You now begin to feel increasing anxiety and unease. You try hard to live up to their need for certain standards. You check your clothing, hide your love of popular culture, and perhaps drop some of your social networks. The self-doubt begins to grow, and you no longer feel yourself. You are wholly someone else’s perfect boyfriend or girlfriend, afraid that the real you, the one with faults, will show.
They discuss serious relationship milestones too soon
Rather than getting to know you gradually, love-bombers will discuss the future immediately. They inform you of desirable locations for the home you will be buying together, appropriate themes for your wedding, and suitable names for the children.
If you are someone who has been looking for these things, you might think you have found the partner of your dreams. Yet such behavior should be considered a red flag. The love-bomber has decided you now belong to them, and they will fit you into a future created within their own mind.
Healthy relationships grow and evolve over time. Couples discuss whether marriage is right after a significant period of getting to know each other. They explore also if and when they might want children and how many. “Compromises get reached as two individuals merge lives. Love-bombers, however, have already decided what they want the future to be, and are simply looking for a compliant partner to slot into place.” according to expert matchmakers at Kelleher International.

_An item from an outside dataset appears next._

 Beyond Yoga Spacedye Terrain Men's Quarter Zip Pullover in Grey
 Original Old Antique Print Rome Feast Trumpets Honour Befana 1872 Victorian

Things fall apart very quickly
Overnight, the romantic, caring, committed person you thought you were dating appears to change. The love-bomber becomes distant, sulky and distracted. You begin to question things, wondering what you have done to upset them. At this point, they might end things. If they have an ounce of decency, they will tell you outright the relationship is over, else they will simply ghost you.
Why love-bombers do this is complex. One reason might be they realize they can’t manipulate you the way they thought, so they end the relationship quickly. Another might be the romantic lens through which they viewed you have fallen, and they see you now as a flawed individual like everyone else. They feel deceived, when in fact, it was their own projections that caused a distorted view.
A final reason love-bombers move on is because they are addicted to love-bombing. They thrive on making a person fall in love with them. They feel powerful bombarding a new romantic interest with gifts and attention. They can operate also under a pretense for a few weeks or months, acting the role of the perfect lover. This is difficult to maintain long term, so they move on, playing the same part over and over, with a string of unsuspecting partners.
Being love-bombed can be painful. The intensity of emotions, followed by manipulation, and finally rejection, can leave the person on the receiving end with low self-esteem and a broken heart. If you feel you have been love-bombed, take time to heal and talk to family and friends. After a while, you will recover. Don’t give up on finding the right person, but remember, a relationship worth having takes time to develop. Love isn’t flowers, jewelry, and romantic declarations, but rather companionship, trust, and ultimately, respect.